You are viewing a plain text version of this content. The canonical link for it is here.
Posted to commits@airflow.apache.org by GitBox <gi...@apache.org> on 2023/01/03 11:32:11 UTC
[GitHub] [airflow] potiuk commented on pull request #27758: Enable trigger logging in webserver

potiuk commented on PR #27758:
URL: https://github.com/apache/airflow/pull/27758#issuecomment-1369663970

   Just for the record here as well (and maybe comments from others). 
   
   I have a proposal how we can improve the proposal from that PR to make it more scalable in case we find we need it. 

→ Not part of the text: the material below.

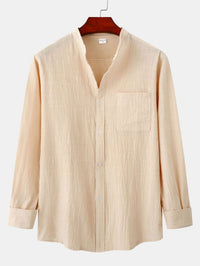 Dover Linen Blend Long Sleeve Two Piece Set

   It might be a premature optimisation to do it now, so [I do not block the current approach at all](https://github.com/apache/airflow/pull/27758#discussion_r1060424069). 
   
   But if we find that the current propsal has a significant limitations, we can adjust the current proposal even now I think. It will maybe take a bit more time to implement but it's scalability factor is far better IMHO. 
   
   ## Basic assumption
   
   * all of the deferrred tasks in Triggerer are executing as very short tasks executed in asyncio loop. Usually they are mostly doing nothing (i.e. loop is handling other tasks or doing nothing) but they are executing in triggerer, they do something for maybe a 100 ms at a time max. 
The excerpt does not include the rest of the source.